Return all the data, word for word.

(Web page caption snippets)
────
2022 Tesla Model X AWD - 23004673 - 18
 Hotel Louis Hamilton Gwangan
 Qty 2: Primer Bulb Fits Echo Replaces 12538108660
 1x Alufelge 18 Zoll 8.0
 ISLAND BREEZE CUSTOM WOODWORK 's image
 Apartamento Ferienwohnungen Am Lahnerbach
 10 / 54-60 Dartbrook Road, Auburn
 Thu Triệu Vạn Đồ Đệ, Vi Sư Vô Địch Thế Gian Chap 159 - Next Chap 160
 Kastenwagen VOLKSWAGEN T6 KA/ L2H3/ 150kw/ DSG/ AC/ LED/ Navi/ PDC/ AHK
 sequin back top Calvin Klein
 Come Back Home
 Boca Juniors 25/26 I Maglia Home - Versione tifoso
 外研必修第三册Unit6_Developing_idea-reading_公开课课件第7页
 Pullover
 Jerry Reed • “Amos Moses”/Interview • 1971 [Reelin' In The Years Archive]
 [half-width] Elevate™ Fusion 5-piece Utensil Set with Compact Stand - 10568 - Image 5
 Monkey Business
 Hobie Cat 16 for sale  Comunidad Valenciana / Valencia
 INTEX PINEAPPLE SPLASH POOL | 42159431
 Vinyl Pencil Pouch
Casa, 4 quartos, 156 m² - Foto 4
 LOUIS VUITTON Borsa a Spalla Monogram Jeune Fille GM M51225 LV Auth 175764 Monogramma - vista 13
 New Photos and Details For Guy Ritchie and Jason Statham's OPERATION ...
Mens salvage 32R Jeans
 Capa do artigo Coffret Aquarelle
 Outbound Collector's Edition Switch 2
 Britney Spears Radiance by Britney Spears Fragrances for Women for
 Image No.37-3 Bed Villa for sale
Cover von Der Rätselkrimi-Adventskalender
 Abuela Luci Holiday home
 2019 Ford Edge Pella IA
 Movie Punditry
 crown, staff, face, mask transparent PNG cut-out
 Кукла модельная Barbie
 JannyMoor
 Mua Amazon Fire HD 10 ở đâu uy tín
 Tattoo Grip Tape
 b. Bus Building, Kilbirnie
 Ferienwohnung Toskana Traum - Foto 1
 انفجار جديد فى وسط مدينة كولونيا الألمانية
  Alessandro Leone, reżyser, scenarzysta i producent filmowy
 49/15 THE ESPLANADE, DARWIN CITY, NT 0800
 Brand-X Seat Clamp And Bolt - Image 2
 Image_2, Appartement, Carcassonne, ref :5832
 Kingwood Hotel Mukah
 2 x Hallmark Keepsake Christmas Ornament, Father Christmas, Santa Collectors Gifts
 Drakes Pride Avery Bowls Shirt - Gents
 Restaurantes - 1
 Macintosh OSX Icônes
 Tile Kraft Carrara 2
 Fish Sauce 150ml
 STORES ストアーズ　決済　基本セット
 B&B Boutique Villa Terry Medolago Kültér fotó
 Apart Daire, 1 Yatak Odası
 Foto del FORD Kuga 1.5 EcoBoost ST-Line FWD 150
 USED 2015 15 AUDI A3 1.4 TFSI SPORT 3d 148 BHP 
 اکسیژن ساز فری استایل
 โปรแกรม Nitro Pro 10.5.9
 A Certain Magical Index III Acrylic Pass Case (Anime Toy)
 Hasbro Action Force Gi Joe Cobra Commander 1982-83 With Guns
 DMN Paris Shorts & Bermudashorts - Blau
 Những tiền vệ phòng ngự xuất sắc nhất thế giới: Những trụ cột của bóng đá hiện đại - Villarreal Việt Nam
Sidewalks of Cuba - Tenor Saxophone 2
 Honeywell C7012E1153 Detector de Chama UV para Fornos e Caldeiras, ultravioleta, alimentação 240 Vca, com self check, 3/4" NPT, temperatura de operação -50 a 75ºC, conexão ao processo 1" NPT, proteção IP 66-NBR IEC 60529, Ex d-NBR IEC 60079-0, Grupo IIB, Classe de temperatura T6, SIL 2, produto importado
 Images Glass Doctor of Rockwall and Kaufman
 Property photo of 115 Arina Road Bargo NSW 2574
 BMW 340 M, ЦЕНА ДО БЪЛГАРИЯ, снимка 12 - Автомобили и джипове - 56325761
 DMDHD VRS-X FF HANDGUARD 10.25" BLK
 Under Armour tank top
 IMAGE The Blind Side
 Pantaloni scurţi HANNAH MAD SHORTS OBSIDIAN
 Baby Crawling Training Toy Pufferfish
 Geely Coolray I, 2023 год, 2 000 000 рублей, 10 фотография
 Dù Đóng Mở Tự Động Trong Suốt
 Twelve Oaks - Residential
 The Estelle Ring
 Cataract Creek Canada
────
## Task answer
2022 Tesla Model X AWD - 23004673 - 18
 Hotel Louis Hamilton Gwangan
 Qty 2: Primer Bulb Fits Echo Replaces 12538108660
 1x Alufelge 18 Zoll 8.0
 ISLAND BREEZE CUSTOM WOODWORK 's image
 Apartamento Ferienwohnungen Am Lahnerbach
 10 / 54-60 Dartbrook Road, Auburn
 Thu Triệu Vạn Đồ Đệ, Vi Sư Vô Địch Thế Gian Chap 159 - Next Chap 160
 Kastenwagen VOLKSWAGEN T6 KA/ L2H3/ 150kw/ DSG/ AC/ LED/ Navi/ PDC/ AHK
 sequin back top Calvin Klein
 Come Back Home
 Boca Juniors 25/26 I Maglia Home - Versione tifoso
 外研必修第三册Unit6_Developing_idea-reading_公开课课件第7页
 Pullover
 Jerry Reed • “Amos Moses”/Interview • 1971 [Reelin' In The Years Archive]
 [half-width] Elevate™ Fusion 5-piece Utensil Set with Compact Stand - 10568 - Image 5
 Monkey Business
 Hobie Cat 16 for sale  Comunidad Valenciana / Valencia
 INTEX PINEAPPLE SPLASH POOL | 42159431
 Vinyl Pencil Pouch
Casa, 4 quartos, 156 m² - Foto 4
 LOUIS VUITTON Borsa a Spalla Monogram Jeune Fille GM M51225 LV Auth 175764 Monogramma - vista 13
 New Photos and Details For Guy Ritchie and Jason Statham's OPERATION ...
Mens salvage 32R Jeans
 Capa do artigo Coffret Aquarelle
 Outbound Collector's Edition Switch 2
 Britney Spears Radiance by Britney Spears Fragrances for Women for
 Image No.37-3 Bed Villa for sale
Cover von Der Rätselkrimi-Adventskalender
 Abuela Luci Holiday home
 2019 Ford Edge Pella IA
 Movie Punditry
 crown, staff, face, mask transparent PNG cut-out
 Кукла модельная Barbie
 JannyMoor
 Mua Amazon Fire HD 10 ở đâu uy tín
 Tattoo Grip Tape
 b. Bus Building, Kilbirnie
 Ferienwohnung Toskana Traum - Foto 1
 انفجار جديد فى وسط مدينة كولونيا الألمانية
  Alessandro Leone, reżyser, scenarzysta i producent filmowy
 49/15 THE ESPLANADE, DARWIN CITY, NT 0800
 Brand-X Seat Clamp And Bolt - Image 2
 Image_2, Appartement, Carcassonne, ref :5832
 Kingwood Hotel Mukah
 2 x Hallmark Keepsake Christmas Ornament, Father Christmas, Santa Collectors Gifts
 Drakes Pride Avery Bowls Shirt - Gents
 Restaurantes - 1
 Macintosh OSX Icônes
 Tile Kraft Carrara 2
 Fish Sauce 150ml
 STORES ストアーズ　決済　基本セット
 B&B Boutique Villa Terry Medolago Kültér fotó
 Apart Daire, 1 Yatak Odası
 Foto del FORD Kuga 1.5 EcoBoost ST-Line FWD 150
 USED 2015 15 AUDI A3 1.4 TFSI SPORT 3d 148 BHP 
 اکسیژن ساز فری استایل
 โปรแกรม Nitro Pro 10.5.9
 A Certain Magical Index III Acrylic Pass Case (Anime Toy)
 Hasbro Action Force Gi Joe Cobra Commander 1982-83 With Guns
 DMN Paris Shorts & Bermudashorts - Blau
 Những tiền vệ phòng ngự xuất sắc nhất thế giới: Những trụ cột của bóng đá hiện đại - Villarreal Việt Nam
Sidewalks of Cuba - Tenor Saxophone 2
 Honeywell C7012E1153 Detector de Chama UV para Fornos e Caldeiras, ultravioleta, alimentação 240 Vca, com self check, 3/4" NPT, temperatura de operação -50 a 75ºC, conexão ao processo 1" NPT, proteção IP 66-NBR IEC 60529, Ex d-NBR IEC 60079-0, Grupo IIB, Classe de temperatura T6, SIL 2, produto importado
 Images Glass Doctor of Rockwall and Kaufman
 Property photo of 115 Arina Road Bargo NSW 2574
 BMW 340 M, ЦЕНА ДО БЪЛГАРИЯ, снимка 12 - Автомобили и джипове - 56325761
 DMDHD VRS-X FF HANDGUARD 10.25" BLK
 Under Armour tank top
 IMAGE The Blind Side
 Pantaloni scurţi HANNAH MAD SHORTS OBSIDIAN
 Baby Crawling Training Toy Pufferfish
 Geely Coolray I, 2023 год, 2 000 000 рублей, 10 фотография
 Dù Đóng Mở Tự Động Trong Suốt
 Twelve Oaks - Residential
 The Estelle Ring
 Cataract Creek Canada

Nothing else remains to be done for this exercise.